##### Data

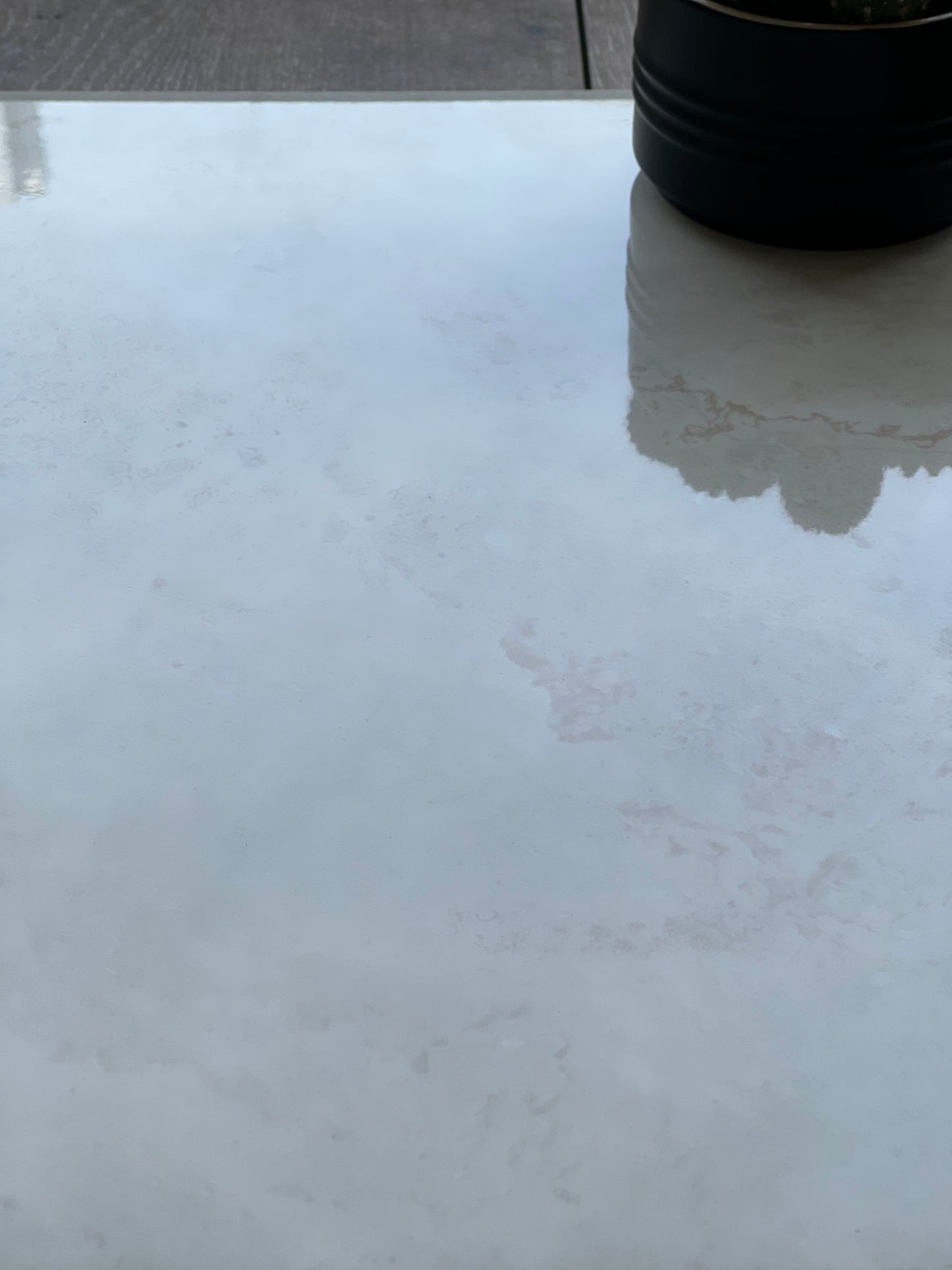 330X500 ROMAN STONE 50W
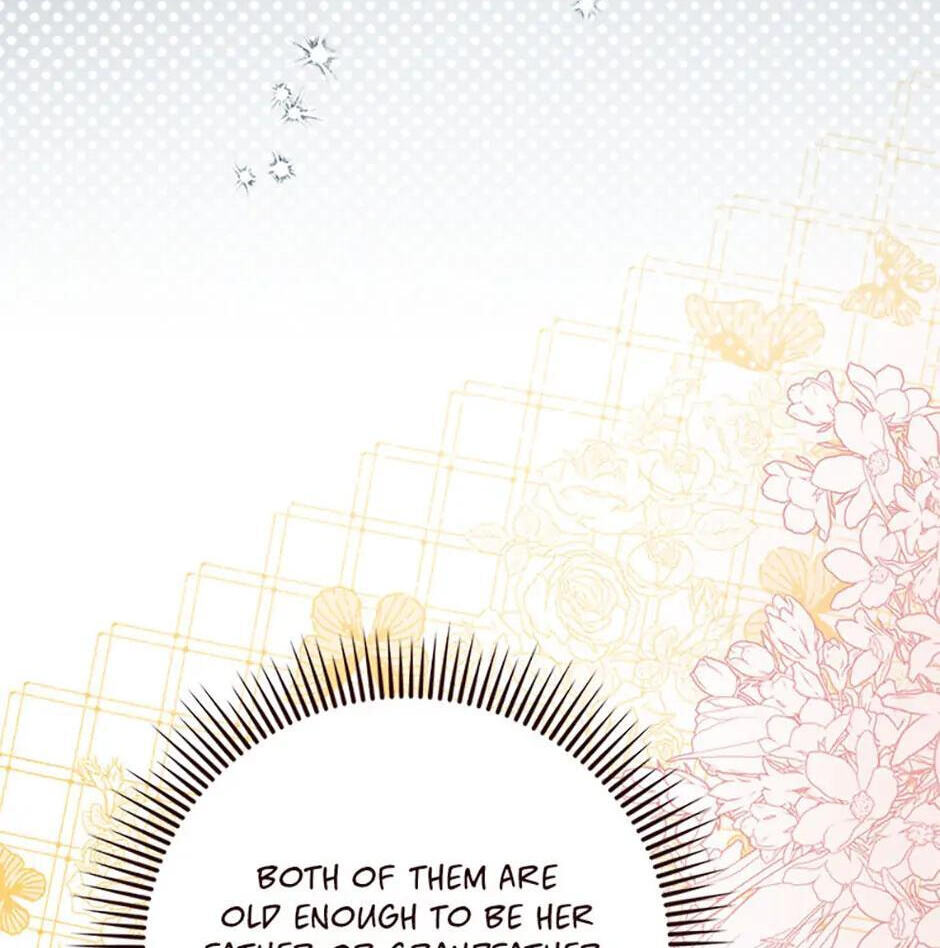 Beatrice Chapter 142 page 114 - 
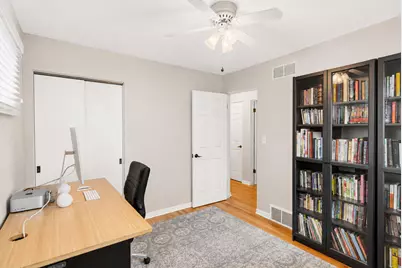 1441 N Eagle Street, Naperville, IL 60563 - Photo 16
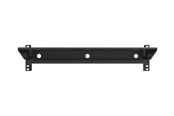 Systemtilbehør (kølepasta mv.) - Honeywell - handheld mount bracket - CB-BK-01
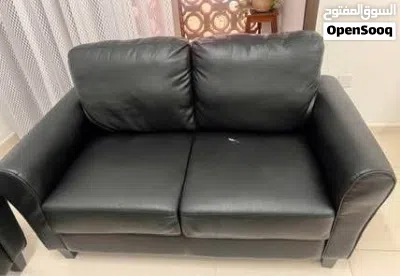 Sofa - 6 seater ( 3 + 2 + 1 ) 3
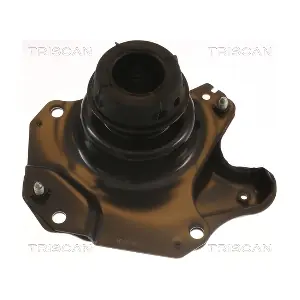 850529150 TRISCAN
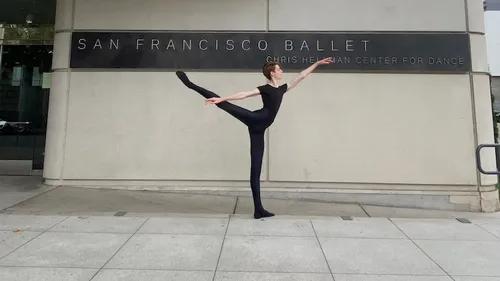 Le fabuleux destin de l'Orléanais Paul Rivard 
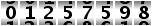 01257598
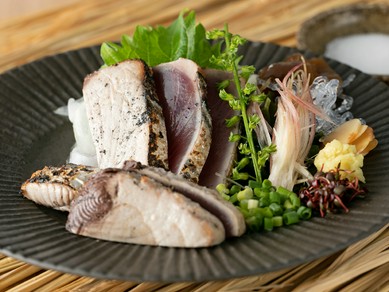 接待・会食におすすめ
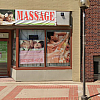 Comfort & Health Massage LLC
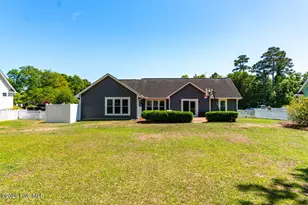 112 Magens Way, Cedar Point, NC 28584 - Photo 30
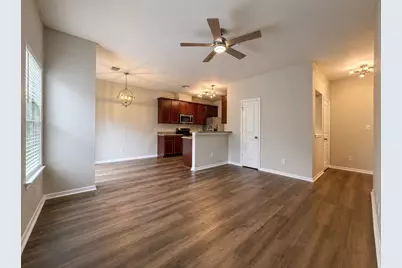 8343 Cassidy Creek Court, Houston, TX 77095 - Photo 4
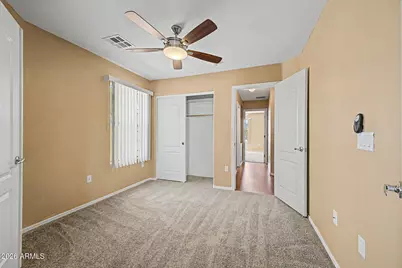 1350 S Greenfield Road #1085, Mesa, AZ 85206 - Photo 18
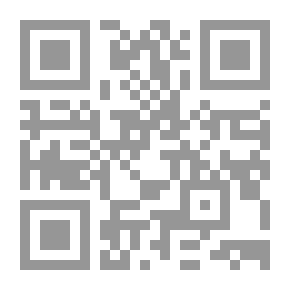 Qr Code زنوبيا ملكة تدمر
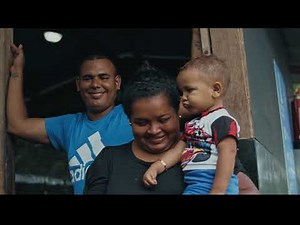 ドキュメンタリー作品『終わりなき旅 ～ベネズエラ危機：現地からの声』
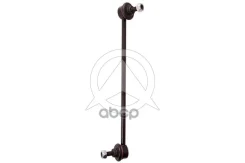������ ������������� | ����� ���� | BMW 1-Serie E81 - 3-Serie E90 Sidem ���. 21661 21661 ����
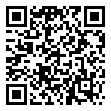 Scannable QR Code Link for 1126 Somerset Lane property details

##########

▶ To do
All records above should be duplicated exactly, with the pictures omitted.

▶ Task answer
 330X500 ROMAN STONE 50W
 Beatrice Chapter 142 page 114 - 
 1441 N Eagle Street, Naperville, IL 60563 - Photo 16
 Systemtilbehør (kølepasta mv.) - Honeywell - handheld mount bracket - CB-BK-01
 Sofa - 6 seater ( 3 + 2 + 1 ) 3
 850529150 TRISCAN
 Le fabuleux destin de l'Orléanais Paul Rivard 
 01257598
 接待・会食におすすめ
 Comfort & Health Massage LLC
 112 Magens Way, Cedar Point, NC 28584 - Photo 30
 8343 Cassidy Creek Court, Houston, TX 77095 - Photo 4
 1350 S Greenfield Road #1085, Mesa, AZ 85206 - Photo 18
 Qr Code زنوبيا ملكة تدمر
 ドキュメンタリー作品『終わりなき旅 ～ベネズエラ危機：現地からの声』
������ ������������� | ����� ���� | BMW 1-Serie E81 - 3-Serie E90 Sidem ���. 21661 21661 ����
 Scannable QR Code Link for 1126 Somerset Lane property details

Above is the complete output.